Systemic immune response after oral administration. BALB/c mice were intragastrically administered 200 µl of bicarbonate solution containing rSm28GST-entrapped microparticles (100 µg). Control animals received free antigen (100 µg) or empty microparticles via the same route. Pooled sera of immunized mice were analyzed by ELISA as previously described (16) (Fig. 1B).

Mucosal immune response after mucosal administration.
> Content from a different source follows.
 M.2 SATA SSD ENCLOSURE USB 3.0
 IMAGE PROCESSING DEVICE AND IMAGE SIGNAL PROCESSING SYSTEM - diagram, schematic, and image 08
Intestinal lavage and bronchoalveolar lavage (BAL) fluids of mice were collected, and their content in anti-rSm28GST IgA antibody was analyzed by ELISA as previously described (16, 24).
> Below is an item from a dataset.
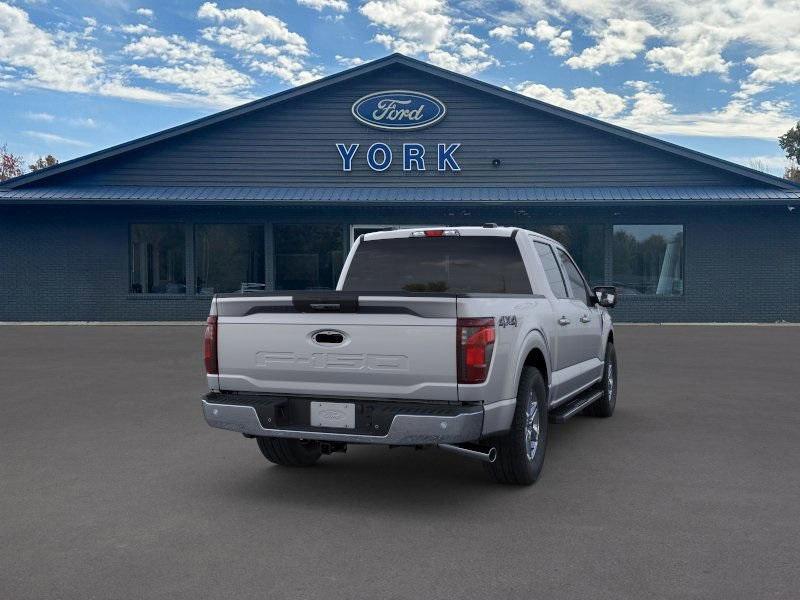 new 2024 Ford F-150 car, priced at $56,970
Antiserum-mediated neutralization of the rSm28GST enzymatic activity. Previous studies have shown a correlation between neutralization of the rSm28GST enzymatic activity by specific antibodies and protection against schistosomiasis in humans (13). Furthermore, results obtained in vivo for both rats and mice indicate that antibodies which neutralize the enzymatic activity would confer reduction in both female schistosome fecundity and egg viability (30). Glutathione S-transferases (GST) are enzymes catalyzing conjugation reactions in which glutathione acts as a nucleophile. GST from schistosomes is thought to play a key role in detoxification processes involved in their defense against host immune systems. The in vitro addition of glutathione to the substrate bearing an electrophilic carbon atom (e.g., 1-chloro-2,4-dinitrobenzene) results in a thioether formation and thus in a direct change in the absorbance of the substrate measured by spectrophotometry (14). The neutralizing activity of anti-rSm28GST serum was analyzed in 96-well flat-bottomed standard ELISA plates as previously described (13, 19). The enzymatic activity recorded for the rSm28GST in the presence of antisera was related to that measured with sera of nonimmunized mice, which was assigned the 100% value for specific activity.
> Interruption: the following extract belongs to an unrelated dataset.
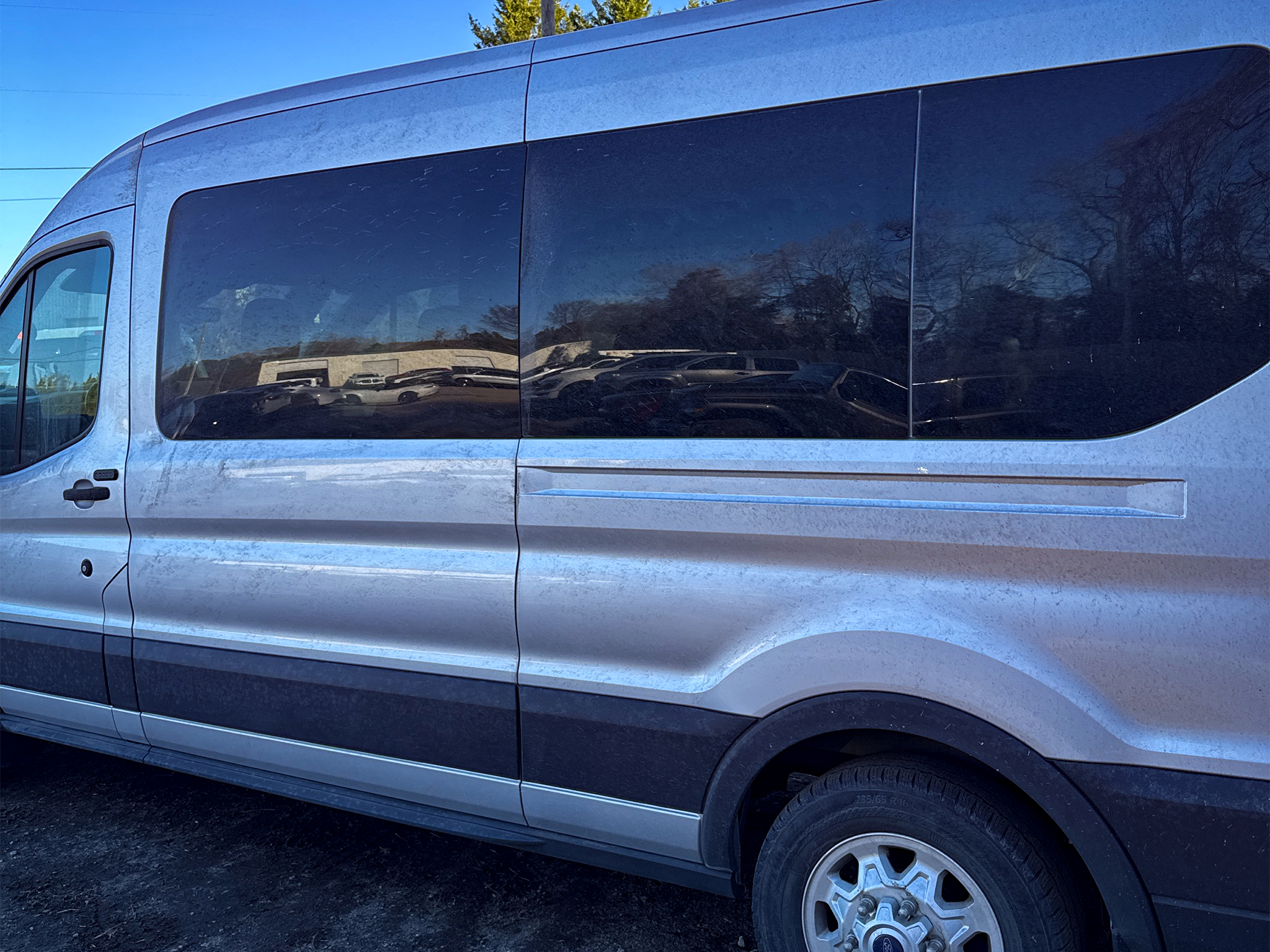 Ford Transit Passenger Wagon  2023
View larger version (17K): [in this window] [in a new window]   FIG. 2.   Neutralization of rSm28GST enzymatic activity by specific antisera. Neutralizing activity was analyzed for sera obtained 10 weeks after a single intranasal (A) or intragastric (B) administration of either rSm28GST-entrapped PLG or PCL microparticles, free rSm28GST, or empty microparticles. The results were expressed as the mean values ± standard deviations S.D. of the neutralizing activity (percent) of sera for five mice in each group. The catalytic neutralization of rSm28GST (3.5 pmol/well) was measured in the absence or presence of increasing concentrations of antisera. Sera expressing less than 10% of neutralization at a concentration of 0.2 µl/well are considered inefficient sera. Results are from one representative experiment of three.